Southern Weekend looks back at ten major lawsuits in 2010, as chosen by the China Legal Case Study Research Committee (中国法学会案例研究专业委员会). Their online poll ranked the “My Father is Li Gang” incident as number one.
According to the article’s introduction, the conference’s scholars found that to a large extent, civil rights evidently stopped at the level of the constitution and laws, and failed to find actual effective protection. A portion of the rest of the article, excerpted and translated by CDT:
Another abuse of public rights is directed against helpless petitioners. When the Anyuanding Company [a company that intercepts petitioners] created an agreement with local police to establish “black jails” to detain petitioners, this became one of the ugliest incidents among the top ten list of influential court cases.

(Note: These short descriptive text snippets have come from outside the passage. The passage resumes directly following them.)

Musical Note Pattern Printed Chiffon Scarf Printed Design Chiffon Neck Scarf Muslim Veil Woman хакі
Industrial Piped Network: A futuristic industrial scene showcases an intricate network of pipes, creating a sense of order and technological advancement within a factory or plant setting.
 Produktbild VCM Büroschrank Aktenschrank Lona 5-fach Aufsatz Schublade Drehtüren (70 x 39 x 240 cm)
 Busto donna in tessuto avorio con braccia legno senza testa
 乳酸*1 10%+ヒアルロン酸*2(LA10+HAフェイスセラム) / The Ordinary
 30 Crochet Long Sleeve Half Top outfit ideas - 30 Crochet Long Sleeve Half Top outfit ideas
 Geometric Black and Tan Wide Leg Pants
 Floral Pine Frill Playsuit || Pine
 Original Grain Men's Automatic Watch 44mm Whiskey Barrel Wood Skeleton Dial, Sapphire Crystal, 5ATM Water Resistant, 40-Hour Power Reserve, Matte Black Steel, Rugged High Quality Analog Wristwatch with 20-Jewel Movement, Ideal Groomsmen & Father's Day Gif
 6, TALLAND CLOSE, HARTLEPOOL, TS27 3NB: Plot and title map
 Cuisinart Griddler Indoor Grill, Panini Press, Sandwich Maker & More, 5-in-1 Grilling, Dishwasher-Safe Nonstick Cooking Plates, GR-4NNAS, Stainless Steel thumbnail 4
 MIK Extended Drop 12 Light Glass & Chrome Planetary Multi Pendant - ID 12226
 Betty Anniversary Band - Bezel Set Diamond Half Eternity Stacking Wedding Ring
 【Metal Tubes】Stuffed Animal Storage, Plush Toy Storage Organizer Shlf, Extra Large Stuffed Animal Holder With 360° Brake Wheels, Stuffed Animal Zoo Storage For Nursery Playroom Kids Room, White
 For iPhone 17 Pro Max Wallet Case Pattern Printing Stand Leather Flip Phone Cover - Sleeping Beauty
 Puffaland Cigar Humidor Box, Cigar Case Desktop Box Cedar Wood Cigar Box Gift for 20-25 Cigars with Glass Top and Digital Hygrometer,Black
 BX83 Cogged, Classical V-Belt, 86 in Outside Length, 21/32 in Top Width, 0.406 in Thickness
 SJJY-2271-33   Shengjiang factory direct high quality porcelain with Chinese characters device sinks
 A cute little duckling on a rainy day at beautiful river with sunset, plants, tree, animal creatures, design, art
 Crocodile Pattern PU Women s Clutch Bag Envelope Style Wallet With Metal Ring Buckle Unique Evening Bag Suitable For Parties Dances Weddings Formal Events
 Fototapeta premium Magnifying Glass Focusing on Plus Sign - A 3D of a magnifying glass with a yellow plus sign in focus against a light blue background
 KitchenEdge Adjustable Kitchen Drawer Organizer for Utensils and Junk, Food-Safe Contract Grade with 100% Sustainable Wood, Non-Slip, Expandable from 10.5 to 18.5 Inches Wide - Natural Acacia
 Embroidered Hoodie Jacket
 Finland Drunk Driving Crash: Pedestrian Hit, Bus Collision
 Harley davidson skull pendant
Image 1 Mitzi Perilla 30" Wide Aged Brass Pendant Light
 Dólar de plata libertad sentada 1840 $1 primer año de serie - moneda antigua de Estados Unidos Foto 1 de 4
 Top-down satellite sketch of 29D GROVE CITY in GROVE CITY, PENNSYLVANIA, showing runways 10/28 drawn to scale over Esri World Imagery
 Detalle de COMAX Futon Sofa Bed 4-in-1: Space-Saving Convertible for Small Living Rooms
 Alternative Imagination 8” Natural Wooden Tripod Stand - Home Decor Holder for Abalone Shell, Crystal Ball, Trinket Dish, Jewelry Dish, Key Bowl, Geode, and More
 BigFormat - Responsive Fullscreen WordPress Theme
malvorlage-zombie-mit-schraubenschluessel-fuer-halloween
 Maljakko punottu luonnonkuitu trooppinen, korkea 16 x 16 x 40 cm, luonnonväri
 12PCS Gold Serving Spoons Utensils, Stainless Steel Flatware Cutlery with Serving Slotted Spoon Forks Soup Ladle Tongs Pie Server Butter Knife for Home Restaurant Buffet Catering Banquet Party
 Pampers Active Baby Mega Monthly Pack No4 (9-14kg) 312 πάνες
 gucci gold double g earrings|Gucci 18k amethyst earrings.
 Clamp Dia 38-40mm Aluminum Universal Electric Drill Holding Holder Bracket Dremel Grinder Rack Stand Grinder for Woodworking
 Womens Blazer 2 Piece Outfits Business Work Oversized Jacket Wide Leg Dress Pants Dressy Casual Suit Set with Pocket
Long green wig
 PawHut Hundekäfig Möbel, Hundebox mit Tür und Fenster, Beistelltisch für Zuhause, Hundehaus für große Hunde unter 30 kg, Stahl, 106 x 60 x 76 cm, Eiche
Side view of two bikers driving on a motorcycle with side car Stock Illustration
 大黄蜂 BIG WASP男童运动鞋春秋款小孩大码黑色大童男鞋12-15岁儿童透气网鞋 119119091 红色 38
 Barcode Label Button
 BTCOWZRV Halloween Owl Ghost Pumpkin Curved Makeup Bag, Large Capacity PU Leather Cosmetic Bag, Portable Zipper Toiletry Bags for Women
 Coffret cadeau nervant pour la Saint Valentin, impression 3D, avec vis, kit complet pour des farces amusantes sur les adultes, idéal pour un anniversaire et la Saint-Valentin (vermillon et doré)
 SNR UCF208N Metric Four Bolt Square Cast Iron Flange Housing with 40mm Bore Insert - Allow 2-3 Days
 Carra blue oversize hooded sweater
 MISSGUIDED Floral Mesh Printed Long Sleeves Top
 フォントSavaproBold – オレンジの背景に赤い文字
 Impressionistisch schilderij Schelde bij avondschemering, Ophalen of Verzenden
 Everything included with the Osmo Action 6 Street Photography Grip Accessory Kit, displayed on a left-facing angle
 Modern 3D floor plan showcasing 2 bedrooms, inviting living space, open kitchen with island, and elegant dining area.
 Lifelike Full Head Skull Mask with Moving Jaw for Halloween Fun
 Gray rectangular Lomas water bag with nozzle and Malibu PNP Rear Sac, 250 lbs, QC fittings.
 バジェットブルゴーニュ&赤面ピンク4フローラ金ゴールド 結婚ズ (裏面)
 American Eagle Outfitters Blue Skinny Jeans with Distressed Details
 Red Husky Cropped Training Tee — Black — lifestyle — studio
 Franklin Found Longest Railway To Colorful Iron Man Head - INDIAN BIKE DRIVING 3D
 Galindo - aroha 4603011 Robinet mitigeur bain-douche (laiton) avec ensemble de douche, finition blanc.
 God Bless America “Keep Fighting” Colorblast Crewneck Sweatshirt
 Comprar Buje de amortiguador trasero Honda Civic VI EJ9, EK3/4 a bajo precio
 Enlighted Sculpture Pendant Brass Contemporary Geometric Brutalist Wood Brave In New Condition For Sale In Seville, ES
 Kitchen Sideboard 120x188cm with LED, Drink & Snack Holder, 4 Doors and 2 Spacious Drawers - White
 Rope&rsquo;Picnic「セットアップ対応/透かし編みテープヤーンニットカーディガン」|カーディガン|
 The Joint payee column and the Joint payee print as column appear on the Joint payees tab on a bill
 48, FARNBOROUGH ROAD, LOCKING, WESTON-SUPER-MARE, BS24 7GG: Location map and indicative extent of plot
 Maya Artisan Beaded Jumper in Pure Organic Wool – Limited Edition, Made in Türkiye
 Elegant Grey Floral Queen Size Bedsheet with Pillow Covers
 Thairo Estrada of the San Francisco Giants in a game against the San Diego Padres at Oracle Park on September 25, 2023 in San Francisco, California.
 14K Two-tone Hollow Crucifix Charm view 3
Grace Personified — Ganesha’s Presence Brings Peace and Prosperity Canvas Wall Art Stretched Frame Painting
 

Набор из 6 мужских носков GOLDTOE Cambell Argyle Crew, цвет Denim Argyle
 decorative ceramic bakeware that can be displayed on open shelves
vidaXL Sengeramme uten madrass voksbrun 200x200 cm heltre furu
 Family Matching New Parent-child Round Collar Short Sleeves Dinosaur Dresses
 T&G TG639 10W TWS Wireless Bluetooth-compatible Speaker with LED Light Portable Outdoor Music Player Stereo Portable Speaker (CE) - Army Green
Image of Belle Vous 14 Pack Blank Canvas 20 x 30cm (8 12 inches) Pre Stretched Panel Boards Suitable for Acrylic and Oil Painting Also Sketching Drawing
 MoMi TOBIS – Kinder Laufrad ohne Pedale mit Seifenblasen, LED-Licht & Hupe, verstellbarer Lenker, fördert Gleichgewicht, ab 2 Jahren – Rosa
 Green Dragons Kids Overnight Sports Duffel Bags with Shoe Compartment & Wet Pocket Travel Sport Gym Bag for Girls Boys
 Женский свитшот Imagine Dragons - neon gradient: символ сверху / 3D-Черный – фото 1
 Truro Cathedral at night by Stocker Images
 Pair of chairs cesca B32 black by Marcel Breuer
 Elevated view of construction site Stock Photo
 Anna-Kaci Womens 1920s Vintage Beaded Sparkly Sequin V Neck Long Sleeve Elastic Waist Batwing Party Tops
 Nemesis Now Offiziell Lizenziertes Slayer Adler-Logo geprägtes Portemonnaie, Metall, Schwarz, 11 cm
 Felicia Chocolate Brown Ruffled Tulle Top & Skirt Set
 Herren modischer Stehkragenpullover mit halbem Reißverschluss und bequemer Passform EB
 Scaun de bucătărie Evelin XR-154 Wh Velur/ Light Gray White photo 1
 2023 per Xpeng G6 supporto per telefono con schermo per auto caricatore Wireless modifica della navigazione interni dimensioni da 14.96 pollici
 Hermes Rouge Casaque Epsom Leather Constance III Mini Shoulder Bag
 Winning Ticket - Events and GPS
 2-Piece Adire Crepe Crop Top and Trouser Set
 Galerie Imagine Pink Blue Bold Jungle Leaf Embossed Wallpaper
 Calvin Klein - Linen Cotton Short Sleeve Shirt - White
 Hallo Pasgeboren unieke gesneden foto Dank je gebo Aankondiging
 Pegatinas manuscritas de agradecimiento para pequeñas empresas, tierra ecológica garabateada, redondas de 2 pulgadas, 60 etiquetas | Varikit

Tsinghua University Law Professor He Haibo belives that many of these official disputes should be resolved at the administrative review level, with approximately only ten percent becoming administrative lawsuits, and a very small number using the petitioning system. This is an inverted pyramid. According to his known figures, each year, China sees about 70,000 to 80,000 administrative review cases, and about 100,000 administrative lawsuits. Petitioners are countless. “The Anyuanding incident clarified that the petitioning situation might look pacified from the outside, but it has in fact accumulated much in terms of instability,” He Haibo said.